I looked at six open houses one day last month. This past Sunday I looked at another four. I may have the credit and income to buy a house, but I'm not sure I have the dedication and enthusiasm.
People in my family have been pressuring me to buy a home. My oldest brother would give me an hour and a half Powerpoint presentation on it if I let him. The guy's a broken record: Buy a house, buy a house, buy a house. Oh, and get a dog, too.
Hey, I get it. This is the best time in the history of everything to buy a house. I understand the financial advantages of putting money into a house rather than "throwing it away" on rent. And I have every intention of owning a home one day. I don't plan to rent forever. I have to grow up sometime.

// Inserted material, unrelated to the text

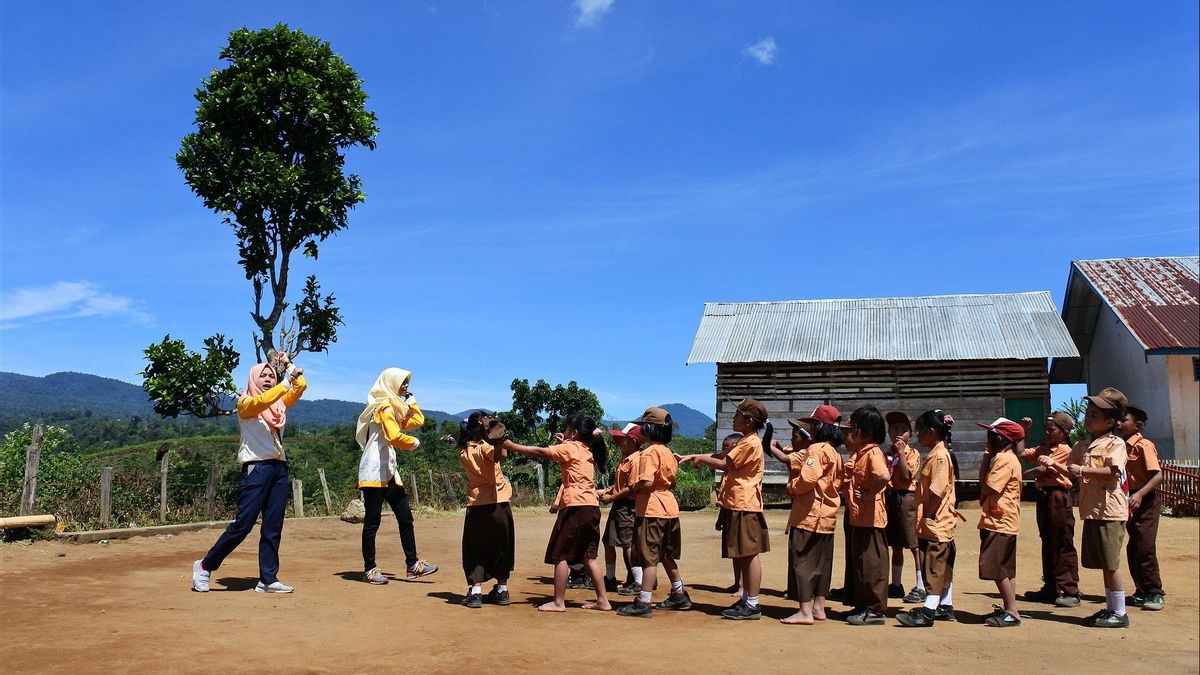 Sejumlah Sekolah Menunggu Instruksi Gubernur DKI untuk Sekolah Tatap Muka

But there are other considerations in life besides financial ones. I just got divorced in the past year. My nest egg (for a down payment) has been cut in half. Do I really want to take on all the responsibilities of home ownership by myself? And looking for a house, for me, feels like it should be a social activity. It's something you do as a family, or at least as a couple. You have to have someone to argue with about whether a fireplace is more important than a porch. And my cat just won't get into that argument with me.
I know that single people buy houses all the time, and I don't have a problem with that. I may be one of them soon. But so far, I just haven't found the right house-- one that ignites my passion the way, say, a pizza does. I'll keep looking, though. Because I like feeling good.